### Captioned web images
+===+

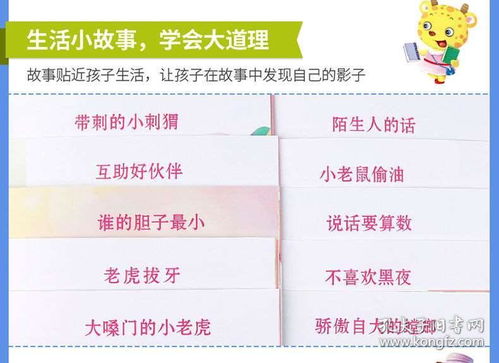 声调的重要性：营造和谐音韵
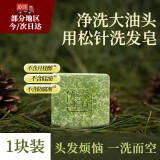 DAGO松针洗发皂草本天然植物侧柏叶洗头皂氨基酸手工皂100g 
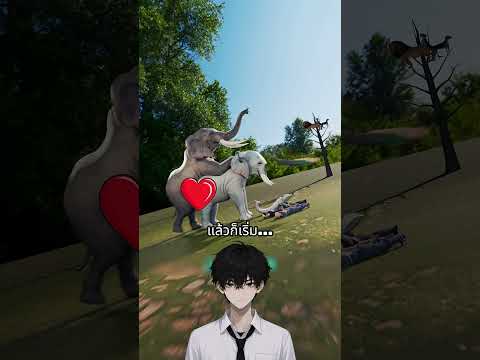 แอบสืบแก๊งมาเฟีย! ลงทุนปลอมตัวเป็นช้าง แต่ดัน... 😭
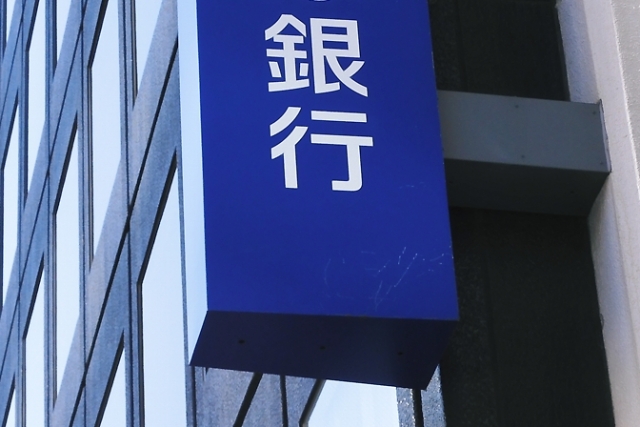 金融機関の統合～概要と歴史について解説～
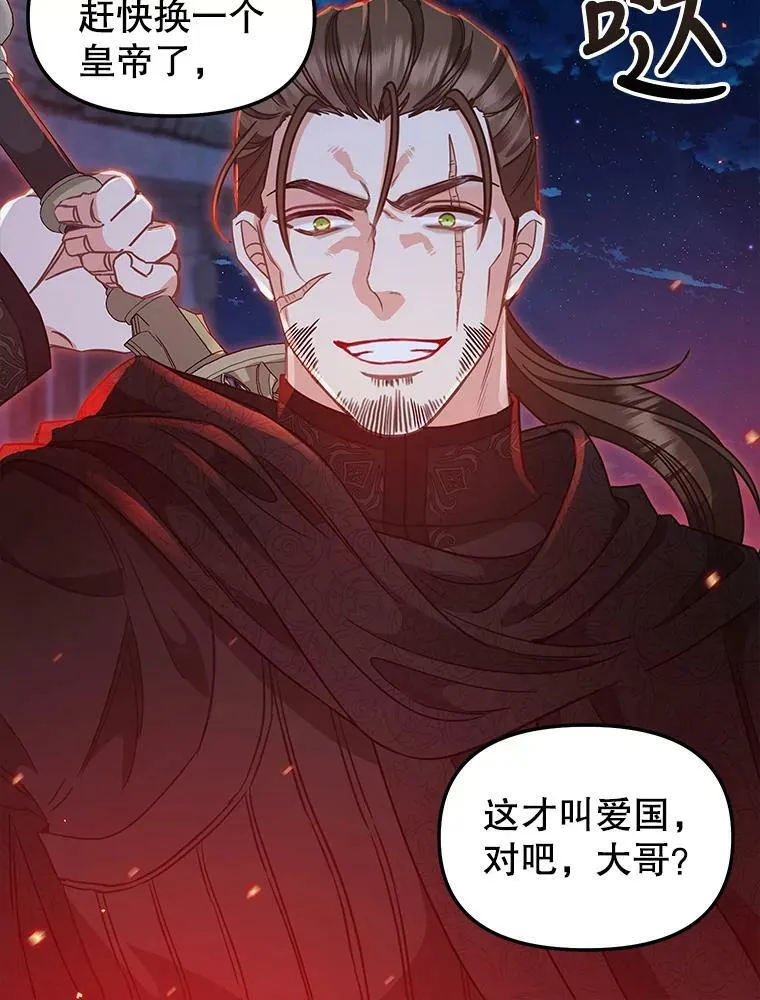 106.放火烧村 第66页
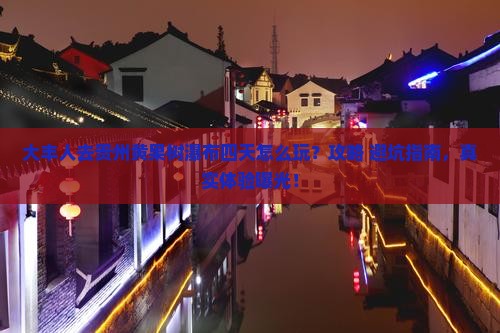 大丰去贵州黄果树瀑布四日游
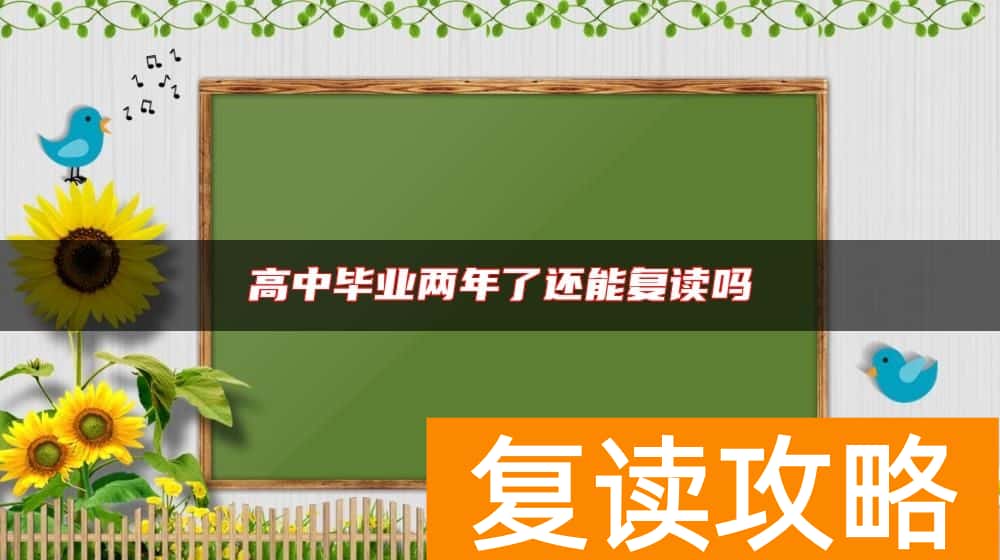 高中毕业两年了还能复读吗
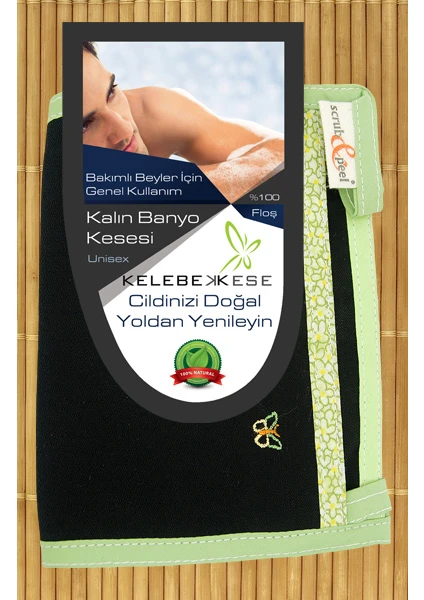 Kelebek Kese Scrub And Peel Kalın Banyo Kesesi -Bakımlı Beyler İçin Genel Kullanım (Unisex)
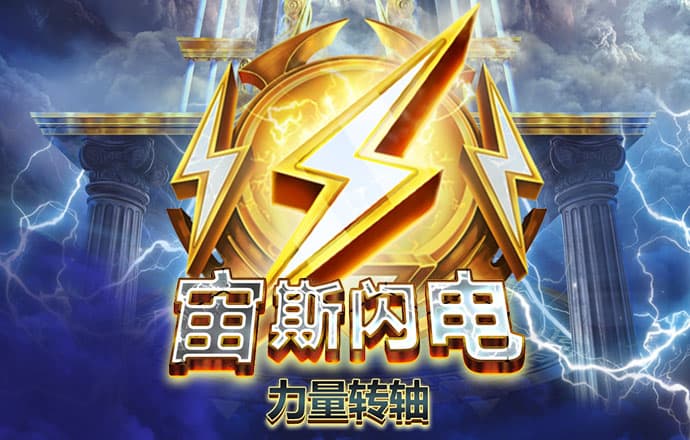 乐动体育APP官网入口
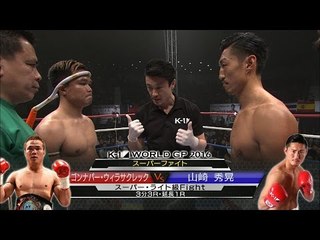 16.9.19 K-1 ゴンナパー・ウィラサクレックvs山崎秀晃[@hideaki1987] スーパーファイト/K-1スーパー・ライト級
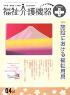 福祉介護機器テクノプラス 2009年4月号 PDF版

+===+

### To do
Repeat word for word the lines beginning at the one with "大丰去贵州黄果树瀑布四日游" and ending at the final line of the records above, both included, and no others. Leave the pictures out.

### Your solution
 大丰去贵州黄果树瀑布四日游
 高中毕业两年了还能复读吗
 Kelebek Kese Scrub And Peel Kalın Banyo Kesesi -Bakımlı Beyler İçin Genel Kullanım (Unisex)
 乐动体育APP官网入口
 16.9.19 K-1 ゴンナパー・ウィラサクレックvs山崎秀晃[@hideaki1987] スーパーファイト/K-1スーパー・ライト級
 福祉介護機器テクノプラス 2009年4月号 PDF版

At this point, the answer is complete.